Description of the task: Please print exactly the lines from the line containing "TP.HCM công bố" through the end of the data, no more, and keep pictures out of the copy.

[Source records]
··········

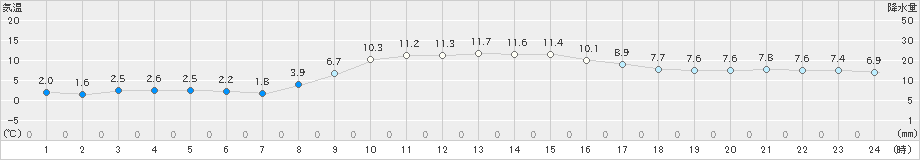 五城目(>2021年11月21日)のアメダスグラフ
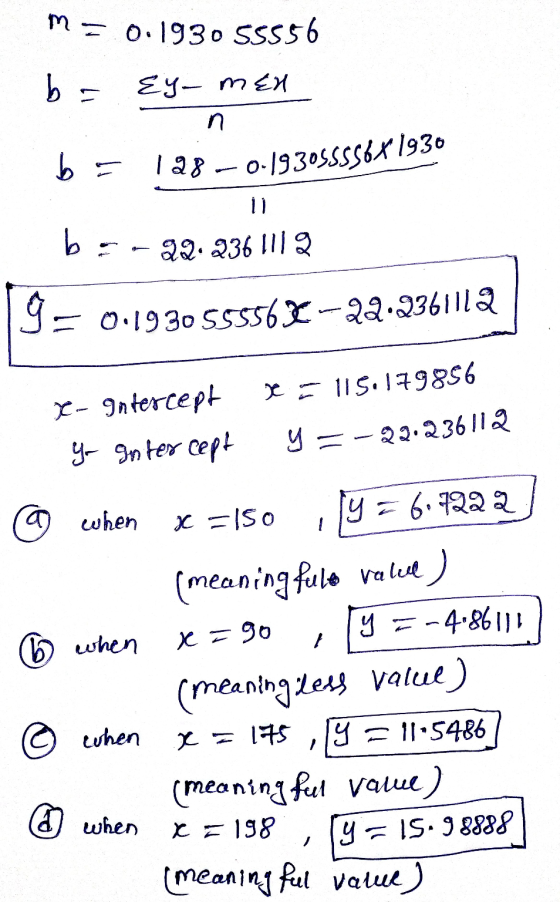 m = 0.1930 55556 Ey men b = n b = 128 0.193055556X 1930 il b 22. 236 1112 9 = = 0.1930 555566-22.2361112 115.179856 x- Interc
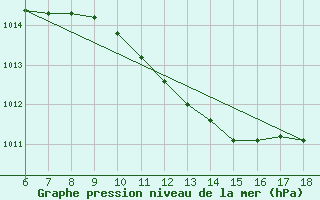 Courbe de la pression atmosphrique pour Gokceada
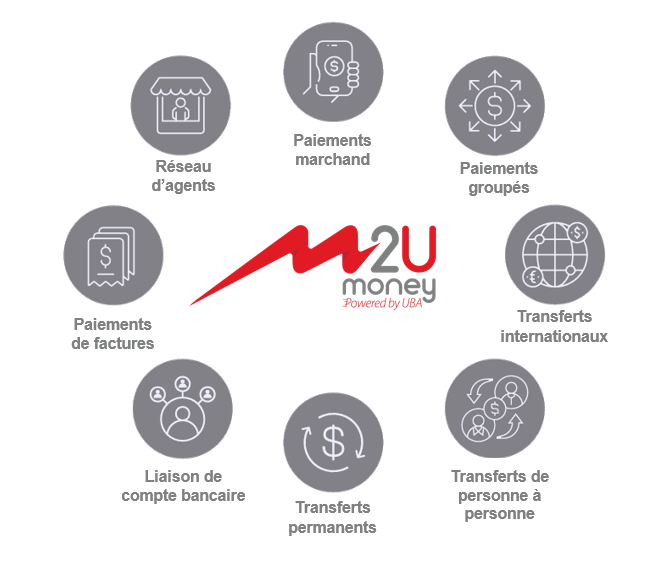 M2U Mobile Money features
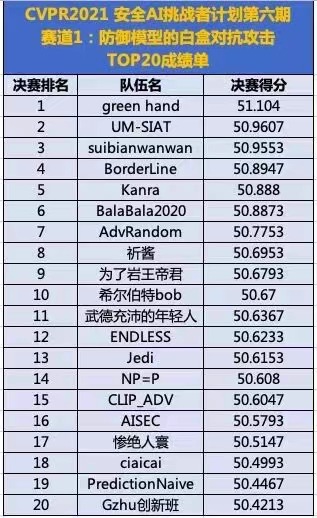 深圳先进院和澳门大学联合团队提出自动驾驶新型鲁棒评估机制获视觉领域顶级会议发表并获CVPR安全AI挑战赛亚军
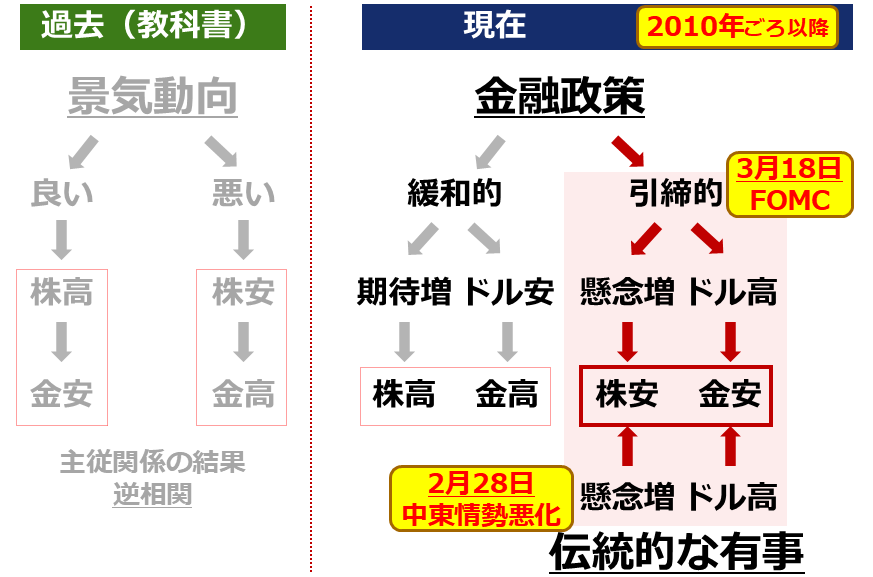 図：株と金（ゴールド）の値動きにおける過去と現在
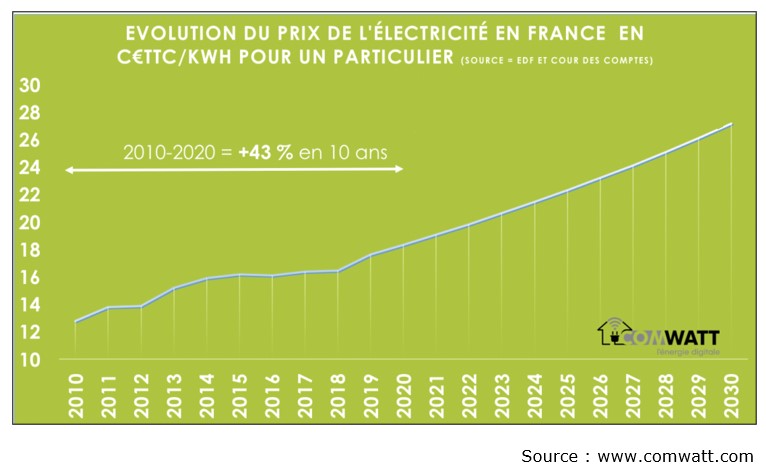 découvrez tout ce qu'il faut savoir sur les prix de l'électricité en france : tendances, variations, et conseils pour économiser sur votre facture d'énergie.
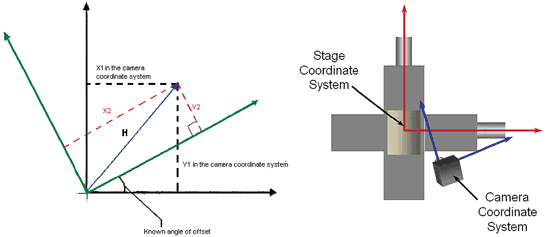 《图三 运动控制和视觉之间的坐标系统可能没有校准，导致在系统之间传送距离信息时产生不正确》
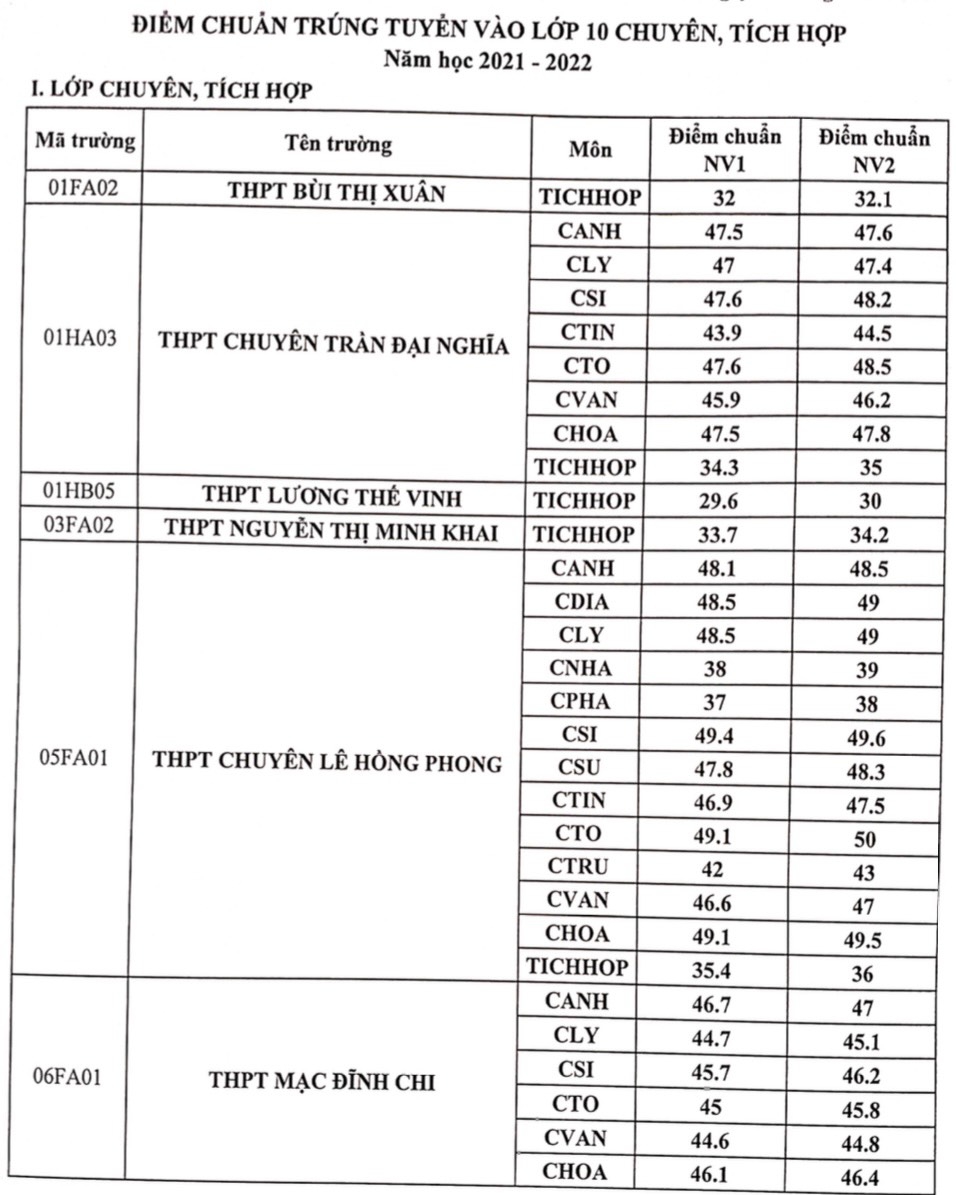 TP.HCM công bố điểm chuẩn xét tuyển vào lớp 10 chuyên năm học 2021-2022 - Ảnh minh hoạ 2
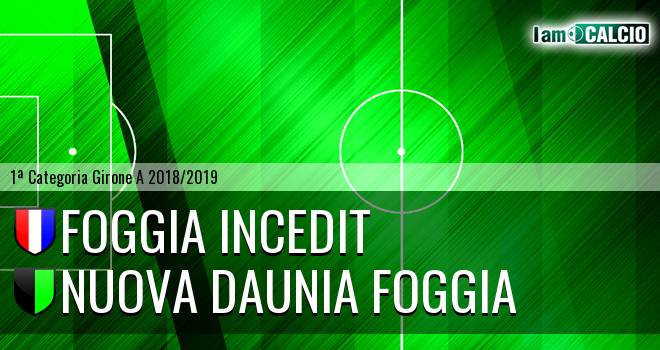 Foggia Incedit - Nuova Daunia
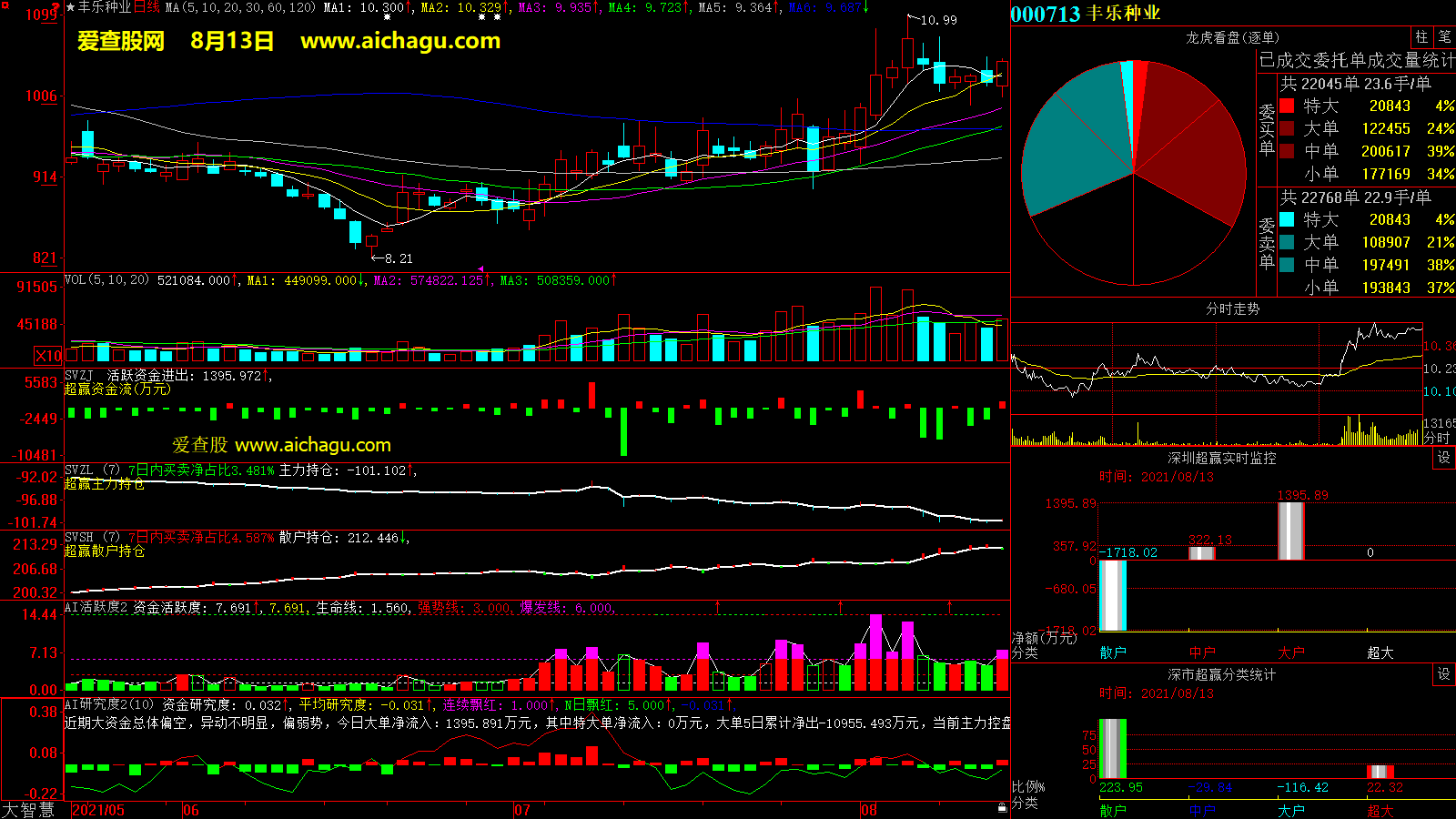 丰乐种业(000713)大智慧超赢数据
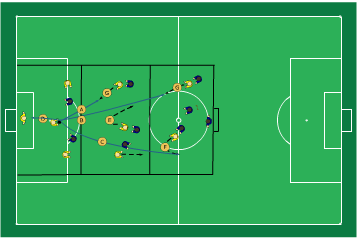 Sida 5 av 7 Variera med passningar efter marken och i djupled. Om tillgång till mål finns så kan sista passningen bytas mot skott/avslut. Enklast är då att köra från ett håll i taget.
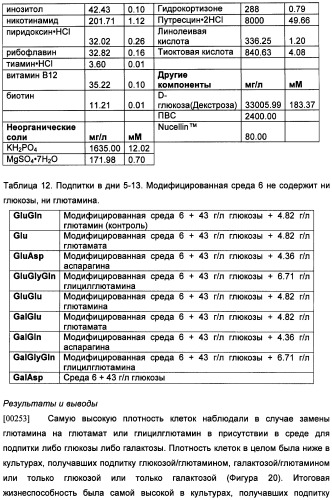 Получение антител против амилоида бета (патент 2418858)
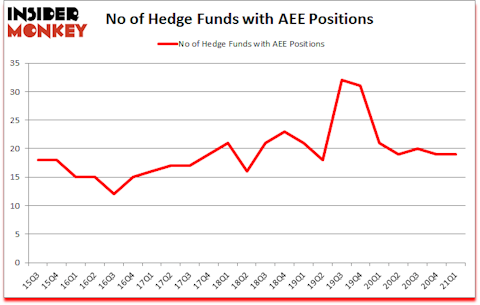 Is AEE A Good Stock To Buy?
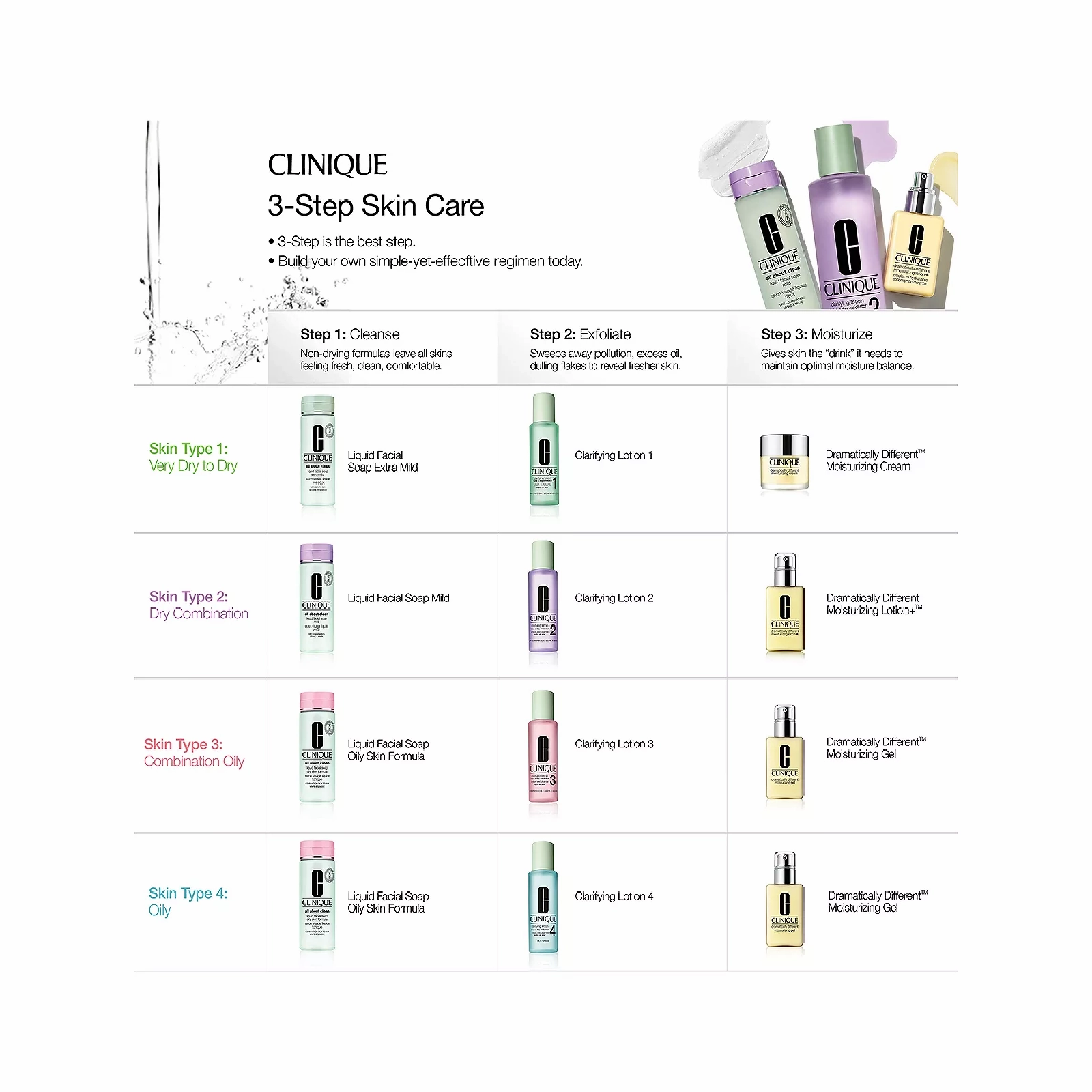 Clinique Clarifying Lotion 1 for Women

··········

Output of the task:
 TP.HCM công bố điểm chuẩn xét tuyển vào lớp 10 chuyên năm học 2021-2022 - Ảnh minh hoạ 2
 Foggia Incedit - Nuova Daunia
 丰乐种业(000713)大智慧超赢数据
 Sida 5 av 7 Variera med passningar efter marken och i djupled. Om tillgång till mål finns så kan sista passningen bytas mot skott/avslut. Enklast är då att köra från ett håll i taget.
 Получение антител против амилоида бета (патент 2418858)
 Is AEE A Good Stock To Buy?
 Clinique Clarifying Lotion 1 for Women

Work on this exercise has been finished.